● Exercise goal
Although the data below holds other lines too, output only those from the line with "Woman, MN Photographer, with" up to and including the line with "T-shirt nera a", exactly as they appear.

• • • • • • •

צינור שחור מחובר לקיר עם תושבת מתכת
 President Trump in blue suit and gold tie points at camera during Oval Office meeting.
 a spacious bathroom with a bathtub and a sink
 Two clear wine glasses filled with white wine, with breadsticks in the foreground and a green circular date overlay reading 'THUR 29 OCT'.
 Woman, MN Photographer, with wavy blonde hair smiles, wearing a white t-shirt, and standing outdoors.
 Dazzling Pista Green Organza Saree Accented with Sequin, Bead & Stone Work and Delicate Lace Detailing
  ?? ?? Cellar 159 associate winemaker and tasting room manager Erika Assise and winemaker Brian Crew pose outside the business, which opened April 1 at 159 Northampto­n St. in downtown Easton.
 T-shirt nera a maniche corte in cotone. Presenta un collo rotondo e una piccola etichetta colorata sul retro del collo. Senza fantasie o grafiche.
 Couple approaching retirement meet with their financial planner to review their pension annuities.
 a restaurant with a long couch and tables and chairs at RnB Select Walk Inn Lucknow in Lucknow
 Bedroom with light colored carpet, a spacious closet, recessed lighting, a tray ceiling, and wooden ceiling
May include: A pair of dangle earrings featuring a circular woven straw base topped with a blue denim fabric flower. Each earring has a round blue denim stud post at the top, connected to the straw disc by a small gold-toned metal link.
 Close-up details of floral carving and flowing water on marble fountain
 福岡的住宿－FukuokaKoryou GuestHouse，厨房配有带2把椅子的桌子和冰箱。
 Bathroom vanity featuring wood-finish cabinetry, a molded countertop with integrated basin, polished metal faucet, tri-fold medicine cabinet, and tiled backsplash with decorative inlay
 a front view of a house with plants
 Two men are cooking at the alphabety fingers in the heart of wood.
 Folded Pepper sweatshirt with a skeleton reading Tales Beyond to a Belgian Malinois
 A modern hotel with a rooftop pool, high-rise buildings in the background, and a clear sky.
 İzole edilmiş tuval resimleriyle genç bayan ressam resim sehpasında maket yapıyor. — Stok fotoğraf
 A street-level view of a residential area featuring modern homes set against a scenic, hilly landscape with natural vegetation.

• • • • • • •

● Answer for this exercise
 Woman, MN Photographer, with wavy blonde hair smiles, wearing a white t-shirt, and standing outdoors.
 Dazzling Pista Green Organza Saree Accented with Sequin, Bead & Stone Work and Delicate Lace Detailing
  ?? ?? Cellar 159 associate winemaker and tasting room manager Erika Assise and winemaker Brian Crew pose outside the business, which opened April 1 at 159 Northampto­n St. in downtown Easton.
 T-shirt nera a maniche corte in cotone. Presenta un collo rotondo e una piccola etichetta colorata sul retro del collo. Senza fantasie o grafiche.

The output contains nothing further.